The author's afterword explains that this book was inspired by the true story of the small village of Eyam in Derbyshire, which in 1666 voluntarily cut itself off from the rest of world when it was struck by the plague. This was an extraordinarily selfless act considering they were condemning many of their number/themselves to death by mandating that they live in proximity to the disease.
The motivations behind this decision and what the subsequent year of isolation, disease and death was like are the backbone of this novel. This has the promise of being a fascinating exploration and Geraldine Brooks does not disappoint.
She chooses to tell the story through the voice of a common villager who serves as maid to the rector and his wife. Anna is a good storyteller, believably of humble upbringing but clever and strong and compassionate. She is the cipher through which we see what the disease does to the populace, not just to their bodies but to their minds. While Anna, in a kind of hero-worship way follows the example of the Rector's tirelessly compassionate wife, many in the village turn to superstition and violence as the only way to explain and deal with the horrors that are being heaped upong them.

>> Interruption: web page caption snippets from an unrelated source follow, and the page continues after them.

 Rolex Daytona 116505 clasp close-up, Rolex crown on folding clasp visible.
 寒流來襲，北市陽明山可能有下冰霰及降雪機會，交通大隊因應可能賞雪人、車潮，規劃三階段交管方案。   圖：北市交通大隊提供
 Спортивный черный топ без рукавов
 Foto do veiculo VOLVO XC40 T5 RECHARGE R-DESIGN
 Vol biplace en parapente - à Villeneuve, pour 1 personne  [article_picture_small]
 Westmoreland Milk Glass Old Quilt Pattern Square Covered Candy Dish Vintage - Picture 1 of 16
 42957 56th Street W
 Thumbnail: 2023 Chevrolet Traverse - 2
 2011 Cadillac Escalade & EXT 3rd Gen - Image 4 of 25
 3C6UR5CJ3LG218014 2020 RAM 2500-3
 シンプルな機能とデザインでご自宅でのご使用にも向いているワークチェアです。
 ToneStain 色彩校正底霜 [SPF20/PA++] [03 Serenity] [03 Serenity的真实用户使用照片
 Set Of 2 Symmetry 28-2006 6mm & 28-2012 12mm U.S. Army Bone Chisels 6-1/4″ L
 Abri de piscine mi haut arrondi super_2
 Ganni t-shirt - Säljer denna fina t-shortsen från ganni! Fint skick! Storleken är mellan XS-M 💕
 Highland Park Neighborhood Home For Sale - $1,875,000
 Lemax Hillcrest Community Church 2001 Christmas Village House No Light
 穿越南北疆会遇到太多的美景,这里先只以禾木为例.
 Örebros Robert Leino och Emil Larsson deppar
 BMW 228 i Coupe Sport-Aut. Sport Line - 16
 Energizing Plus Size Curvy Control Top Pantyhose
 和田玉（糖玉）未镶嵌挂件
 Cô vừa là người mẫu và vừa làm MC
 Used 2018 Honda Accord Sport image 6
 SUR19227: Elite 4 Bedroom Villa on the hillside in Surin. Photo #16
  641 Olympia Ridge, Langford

It's a well told and human story that despite its grim subject matter does not get too bogged down in a dark and pessimistic view of world. In fact, its overall tone is uplifting as Anna works through this crisis to elevate her character and her mind.
Its not perfect. The ending is rushed and a little too fantastical as if it was difficult to find the right ending. But a compelling historical novel with a strong emphasis on character. I highly recommend!